• **DATA UNDER STUDY**:
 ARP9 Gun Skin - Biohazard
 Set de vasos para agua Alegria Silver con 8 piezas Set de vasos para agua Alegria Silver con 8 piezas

* * *

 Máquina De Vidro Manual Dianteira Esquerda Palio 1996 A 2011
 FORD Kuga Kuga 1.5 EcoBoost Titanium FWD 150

---

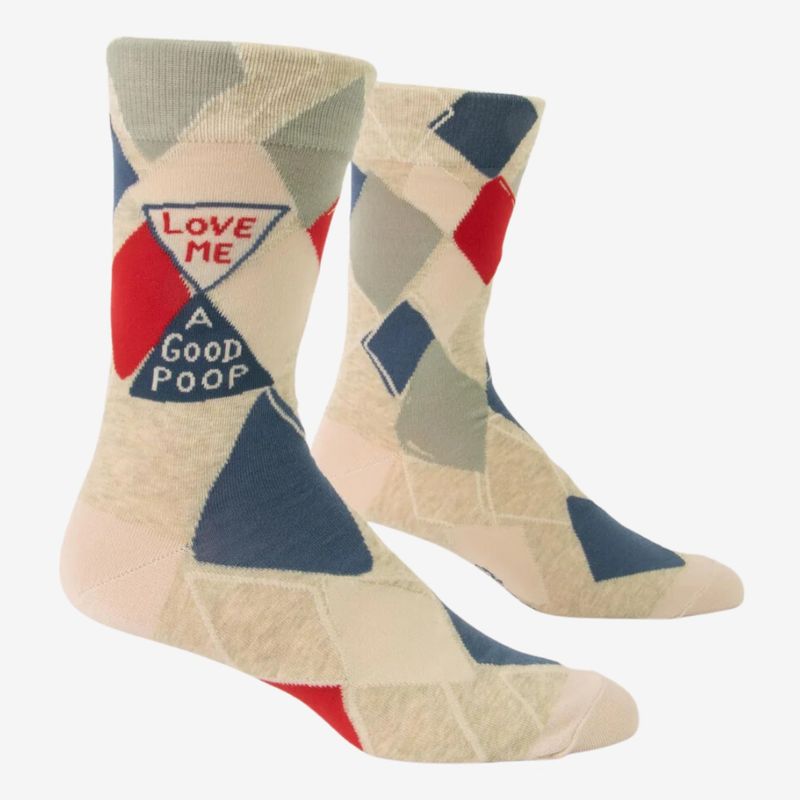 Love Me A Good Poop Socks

• **YOUR TASK**: For this exercise, output exactly the lines above from the line with "ARP9 Gun Skin - Biohazard" to the line with "Set de vasos para agua Alegria Silver con 8 piezas Set", counting both, and leave out the rest.

• **EXERCISE SOLUTION**:
 ARP9 Gun Skin - Biohazard
 Set de vasos para agua Alegria Silver con 8 piezas Set de vasos para agua Alegria Silver con 8 piezas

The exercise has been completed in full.